Broken Spectre
@ Centre PHI
ÉVÈNEMENT
[ Installation ]
Regards du photographe Richard Mosse sur les changements de paradigme en Amazonie.
CRITIQUE
Luc Chaput
★★★ ½
Eldorado
dévasté
Des conquistadors s’enfonçant dans la jungle à la recherche d’une cité dorée, des planteurs devenant richissimes par la récolte du caoutchouc naturel, le cinéma a présenté de multiples fois cette Amazonie dont l’image scientifique s’est depuis beaucoup modifiée dans cette époque de crises climatiques devenant un poumon de la terre fourmillant d’une biodiversité incroyable.

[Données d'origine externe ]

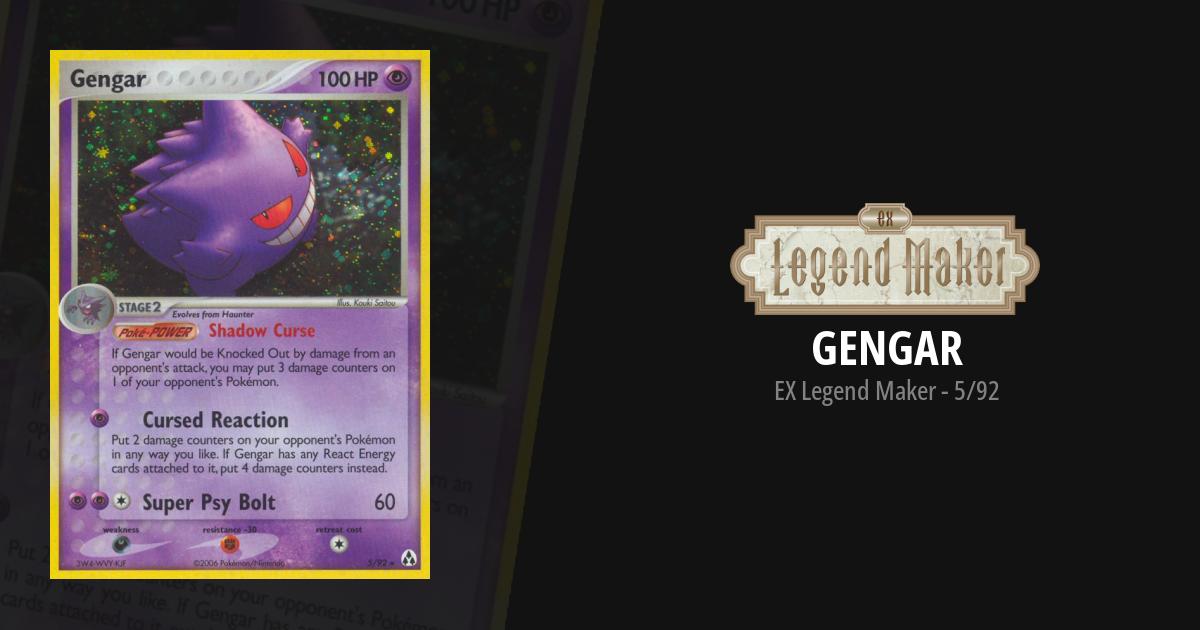 Gengar (5/92) (Gym Challenge) [EX: Legend Maker]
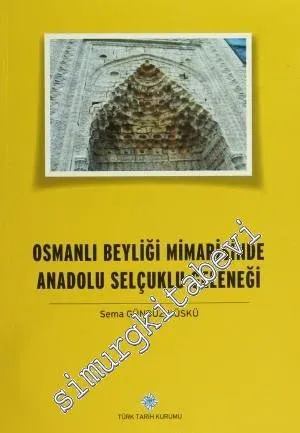 Osmanlı Beyliği Mimarisinde Anadolu Selçuklu Geleneği -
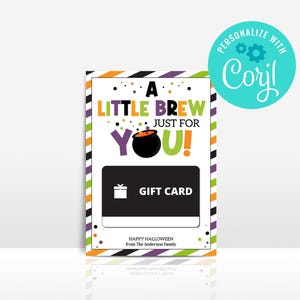 MODIFIABLE TÉLÉCHARGEMENT IMMÉDIAT Porte-cartes A Little Brew juste pour vous, Porte-cartes cadeau Happy Halloween Coffee Edit avec Corjl Imprimable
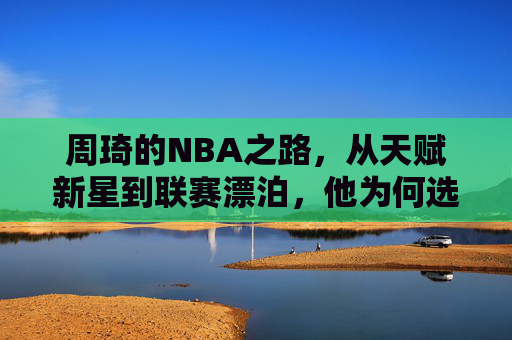 周琦的NBA之路，从天赋新星到联赛漂泊，他为何选择离开？周琦NBA之路，从天赋新星到漂泊，为何离开？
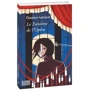Gaston Leroux: Le Fantôme de l’Opéra: Автор Гастон Леру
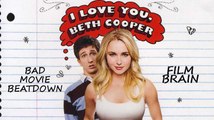 Bad Movie Beatdown: I Love You, Beth Cooper (REVIEW)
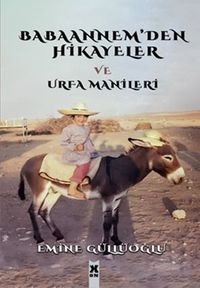 Babaannem'den Hikayeler ve Urfa Manileri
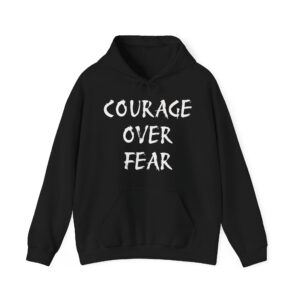 COURAGE OVER FEAR Unisex Hooded Sweatshirt.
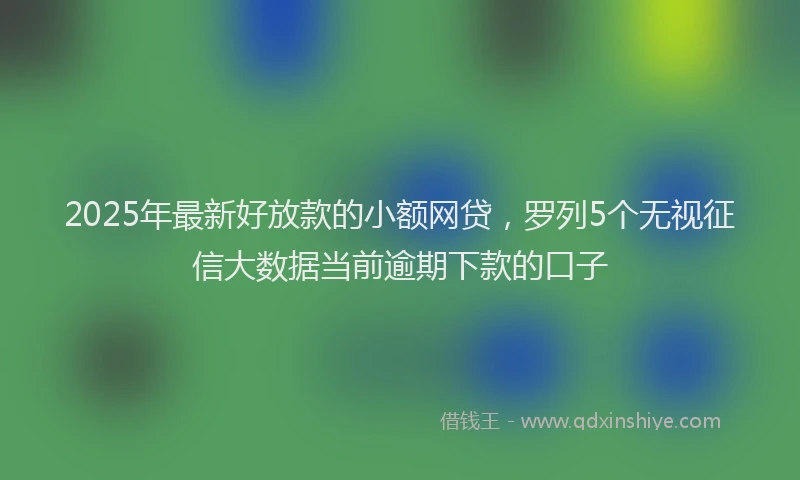 2025年最新好放款的小额网贷，罗列5个无视征信大数据当前逾期下款的口子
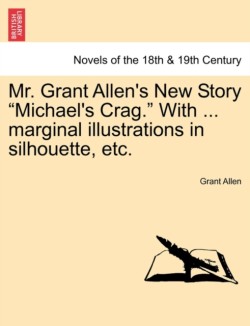 Mr. Grant Allen's New Story Michael's Crag. with ... Marginal Illustrations in Silhouette, Etc.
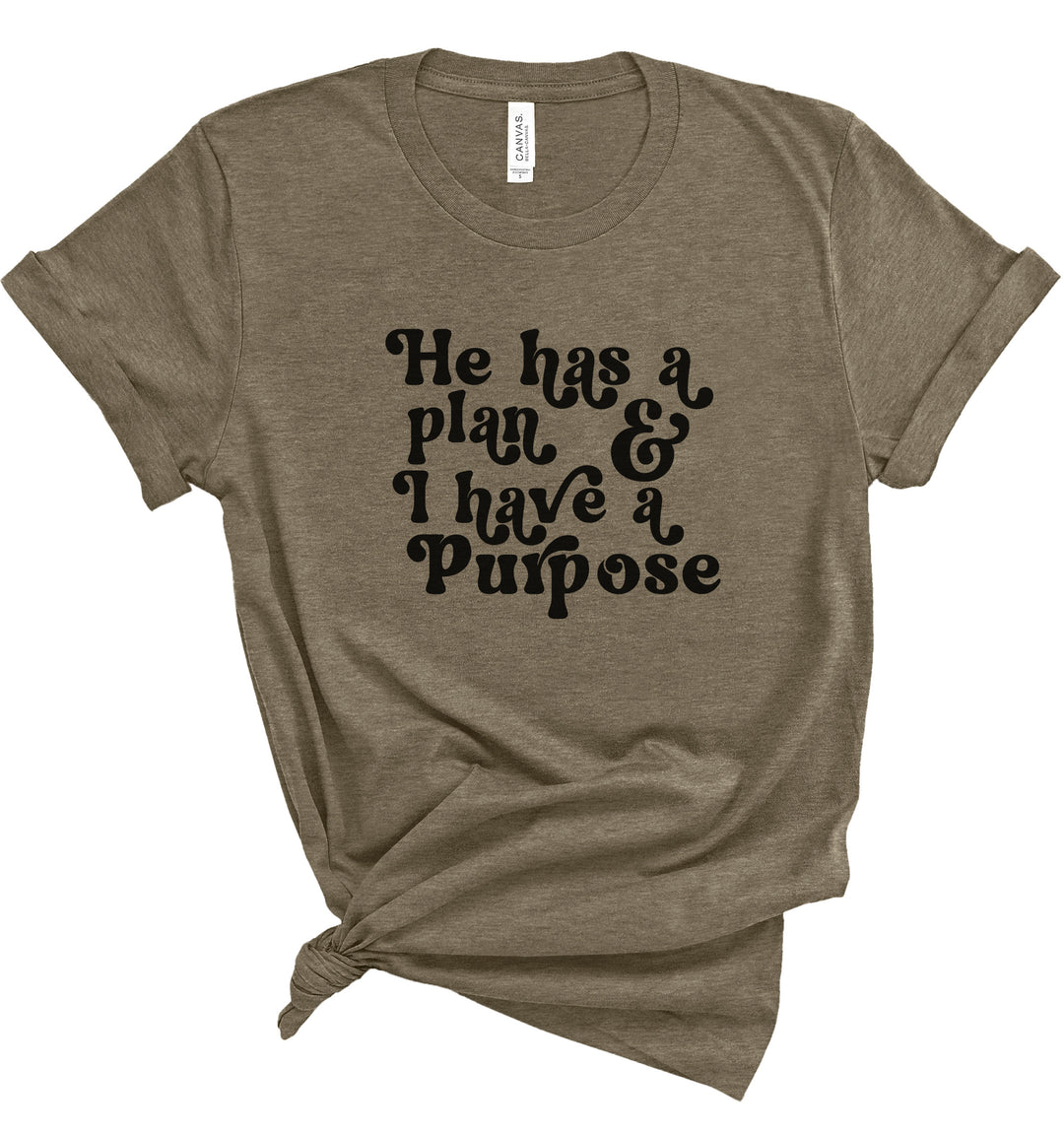 He Has A Plan; I Have A Purpose - Unisex Crew-Neck Tee - Joy & Country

Le photographe irlandais Richard Mosse, déjà reconnu pour ses installations (The Enclave, 2013), s’est rendu avec une équipe réduite à plusieurs reprises au Brésil et en Équateur pour documenter les changements rapides qui s’opèrent dans ce vaste territoire transfrontalier par l’exploitation plus industrielle et même débridée des ressources. Broken Spectre, présenté au Centre Phi sur quatre canaux totalisant vingt mètres, est une immersion visuelle et auditive dans cet univers vulnérable.
Des plans pris de drones ou en hélicoptères et utilisant la pellicule Kodak Aerochrome transforment les forêts ou les arbres isolés dans des rouges, des roses ou d’autres teintes qui rendent patent le gouffre entre cette verdure polychrome et les espaces voisins dénudés à la suite de brûlis. Le noir et blanc très contrasté se retrouve dans les passages au ras du sol, de cavaliers rassemblant des troupes de zébus, de chercheurs d‘or usant du mercure et de bûcherons trucidant des grands arbres. L’éloquente cinématographie de Trevor Tweeten nous enveloppe, trouvant le détail significatif avant de prendre un pas de recul qui permet des associations qu’il crée par son montage avec les flots d’images venant des autres écrans. La bande-son du compositeur Ben Frost triture les cris d’animaux, amplifie les bruits des arbres qui tombent plaçant tout d’un coup un silence qui devient alors assourdissant.
Installation vidéo sur un Eldorado dévasté et presque au point de rupture qui devrait permettre à plusieurs, peut-on l’espérer, de mieux comprendre certains effets de la mondialisation sur notre planète bleue.
Cette vidéo de soixante-douze minutes trouve son point culminant dans la longue diatribe d’Adneia, une Yanomani implorant l’aide des autorités contre les incursions criminelles dans son territoire ancestral1. Installation vidéo sur un Eldorado dévasté et presque au point de rupture qui devrait permettre à plusieurs, peut-on l’espérer, de mieux comprendre certains effets de la mondialisation sur notre planète bleue.
1 Des individus de ces populations autochtones sont également auteurs de vidéos disponibles sur Internet entre autres grâce à l’organisation de Vincent Carelli : Video nas Aldeias (Vidéos dans les villages).